I've no xorg.conf, only one file in /usr/local/etc/X11/xorg.conf.d/ (for a French keyboard).

Vesa work correctly, scfb does not, with the same error (EE) no screens found(EE) than the intel driver.


----------



## wblock@ (Jul 24, 2016)

The Celeron N3150 is very new, released in 2015.  Does the system have UEFI?  If so, it still might be possible to use scfb.  Otherwise, you might be stuck with vesa until the newer drivers are ported.


----------



## hpc (Jul 25, 2016)

Yes, this laptop is uefi capable, but I've not tried UEFI.

I think that I'll stay on vesa since I imagine that UEFI and scfb does not provide more features than the current configuration ? (no 2D/3D acceleration, no other features )

Just for my information, is there an easy way to go a "standard installation" (Bios boot + vesa) to a UEFI + scfb ? Or does it need a full reinstallation ?

Thank you for your help !


----------



## eBUG (Aug 4, 2016)

Sorry to go slightly off-platform but
I wonder if this could be the same problem I have on new Linux Mint 18 with my Dell Ubuntu Edition Inspiron 3552 (same hardware)

https://forums.linuxmint.com/viewtopic.php?f=59&t=226527&p=1195216#p1195216

Could it be the Intel OSS kernel driver is not working for these VGA hardware ?


----------



## SirDice (Aug 4, 2016)

eBUG read rule #7: FreeBSD Forums Rules.


----------



## eBUG (Aug 4, 2016)

SirDice said:


> eBUG read rule #7: FreeBSD Forums Rules.


Ok sorry  Just thought it was relevant since it appears to be a bug with the same hardware.


----------



## Louis Brauer (Oct 26, 2016)

wblock@ said:


> The Celeron N3150 is very new, released in 2015.  Does the system have UEFI?  If so, it still might be possible to use scfb.  Otherwise, you might be stuck with vesa until the newer drivers are ported.



I have a Zotac ZBOX CI323 with the same processor/graphics installed today with FreeBSD 11.0-RELEASE-p2. Installing the scfb driver indeed brought graphics to work.

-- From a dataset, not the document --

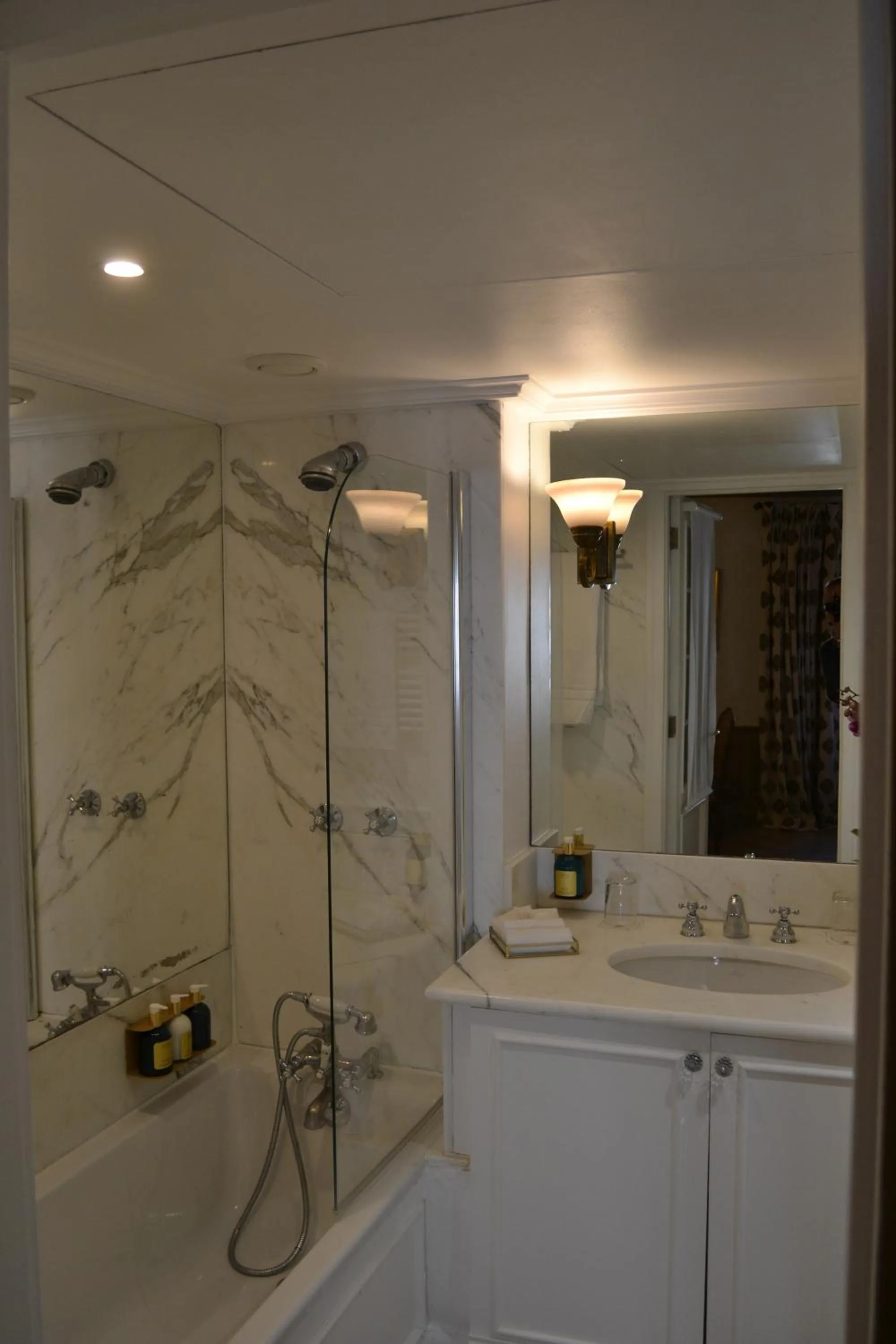 Bathroom in Hotel Le Saint Paul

I hope there will be an accelerated driver for it soon.


----------



## David NewHamlet (Dec 5, 2017)

An Intel compute stick(STK1AW32SC) with Intel(R) Atom(TM) x5-Z8330 which has the same vga adapter can boot FreeBSD-12-CURRENT from UEFI and the X server works fine with driver scfb. Unfortunately, the new drm-next-kmod-g20171006 does not works on it.


----------